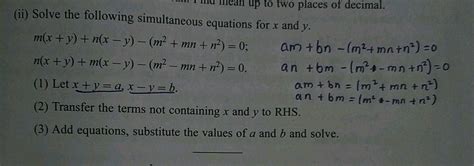 Ii Solve The Following Simultaneous Equations X And Y N M X Y N X Y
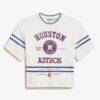 Houston Astros Off Season x MLB Women's Lace-Back T-Shirt - White - Detail View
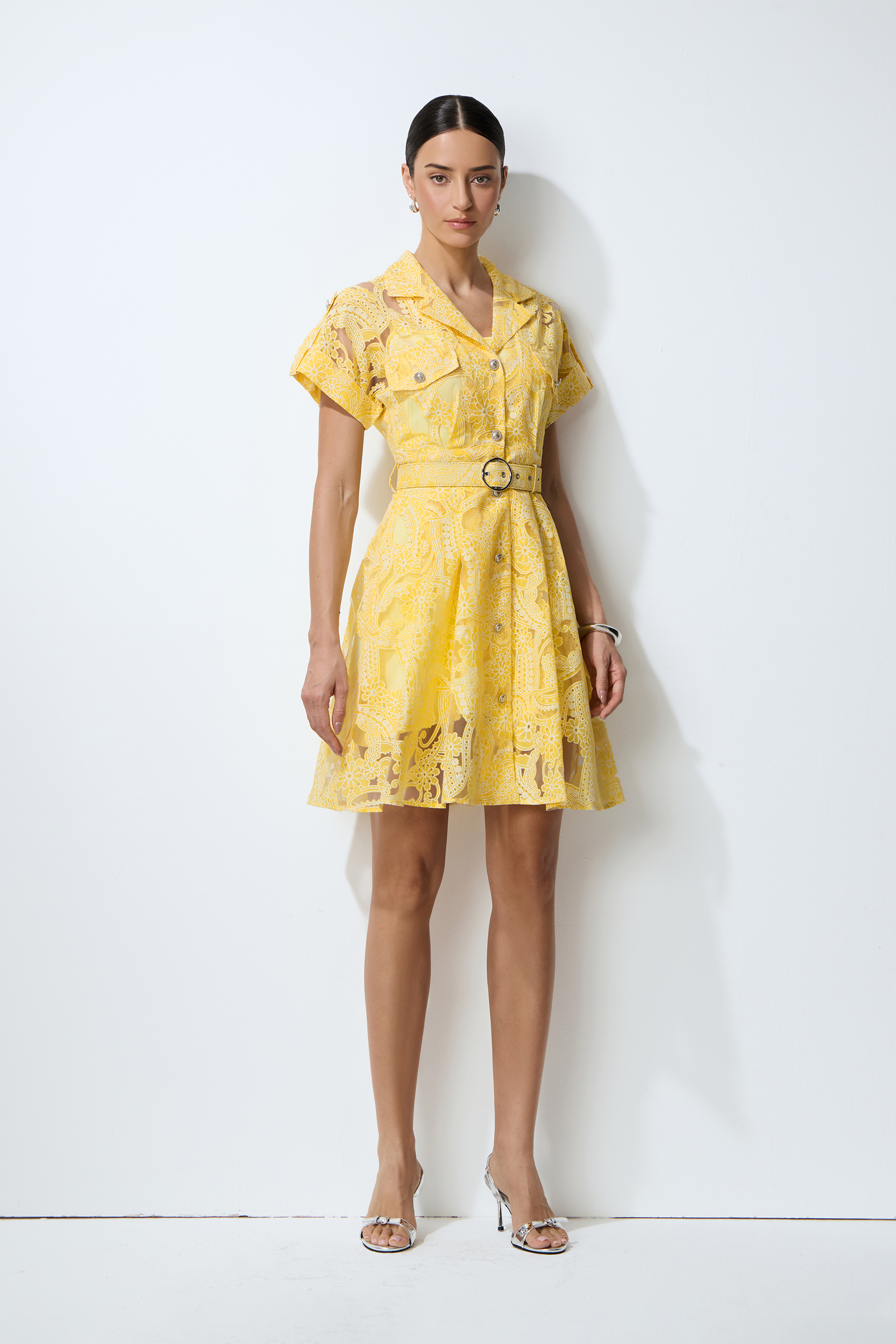 Endless Summer Yellow Sheer Floral Lace Mini Dress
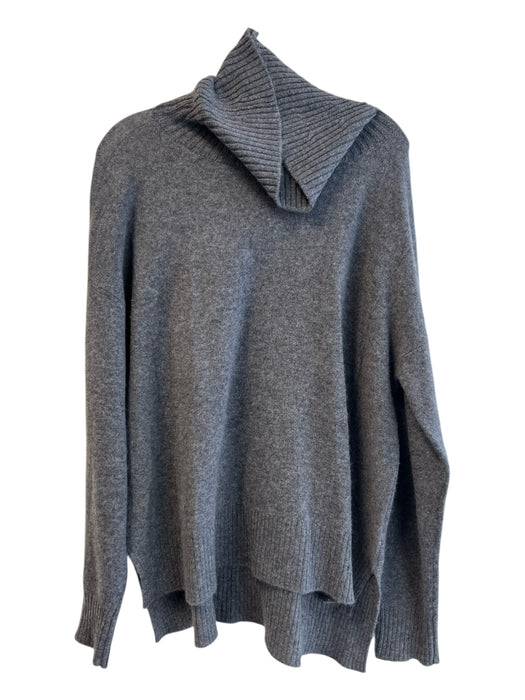 Magaschoni Size XL Gray 100% Cashmere Knit Turtleneck Boxy Solid Sweater Gray / XL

→ Task directions: Each line above has to be returned exactly. Drop the pictures.

→ Your solution:
 Ii Solve The Following Simultaneous Equations X And Y N M X Y N X Y
 Houston Astros Off Season x MLB Women's Lace-Back T-Shirt - White - Detail View
 Endless Summer Yellow Sheer Floral Lace Mini Dress
 Magaschoni Size XL Gray 100% Cashmere Knit Turtleneck Boxy Solid Sweater Gray / XL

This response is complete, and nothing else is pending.